Do you want a burnout maven of a Jaguar in your garage? Get the 3,670-pound F-Type R coupe with twin-scroll supercharged 5.0-liter V-8. Also get the 20-inch forged Storm wheels that are specific to (and included with) the $12,000 Brembo carbon ceramic matrix brake upgrade; controlled oversteer through quick curves, smoking rubber at launch, and window-shaking exhaust noise are all standard.
I was encouraged to drive the F-Type Coupe to its limits: however, I discovered exactly why I needed to focus my attention to the F-Type S with the supercharged 3.0-liter V-6. Despite my love for the V-8R, this V-6S is the one I would buy, and it will be the biggest seller in the F-Type range.

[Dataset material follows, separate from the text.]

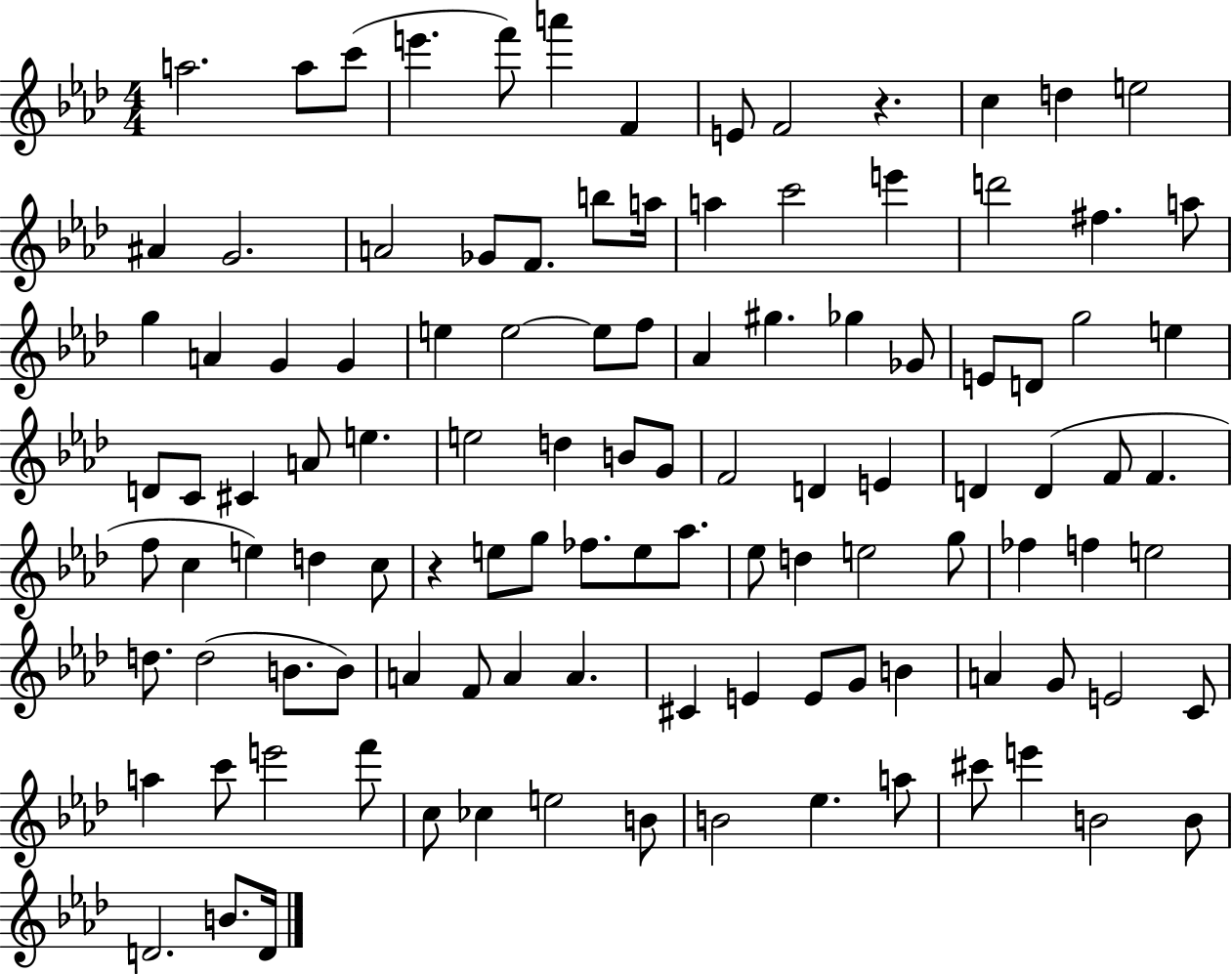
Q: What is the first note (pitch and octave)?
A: A5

Jag’s two-seater sports car is more at home on road than it is on the track. And if I am driving my F-Type on public roads, a series of things makes me want the V-6S more, despite missing the additional power and roar of the four-tip exhaust on the V-8. I love the finesse of the 3,510 lb. V6-S at full chat. It’s merely 0.8 seconds slower to 60 mph — 4.8 seconds estimated versus the 4.0 seconds of the V-8R — but with less weight, it handles technical road sections with more poise.
Having now spent plenty of time in the F-Type coupe, it’s allowed me to nitpick the few bits that are lacking. First among these is the sub-par touchscreen and sat-nav – it’s not intuitive, and while improving over time, more work is needed. The cockpit of the F-Type is comfortable and supportive, but if a taller driver or passenger requires the seat all the way back to the rear bulkhead, the incessant leather-on-leather binding sounds could force you to carry a less-than-luxury terry cloth at all times to tuck between them. A last bit, which surprises me in such a sporting Jag, is that there is no bracing dead pedal for the left foot in the driver’s foot well. This, to me, is crucial to have in a car designed to be thrashed.
If you’re in the V-8 F-Type, you need the carbon cermamic brakes. Out on the wild roads, I experienced the normal steel brakes, and they were slightly insufficient through repeated hard braking. Between the stiff body and chassis, and well-calibrated adjustable suspension, both the V-8R and V-6S feel flat as a board through tight curves. What would make it better? A manual shifter. But despite my yearning to row my own gears, the eight-speed transmission with the typical steering wheel-mounted paddles is plenty capable; the snap, crackle and pop from the overrun and the blips on downshifts make for an exciting alternative.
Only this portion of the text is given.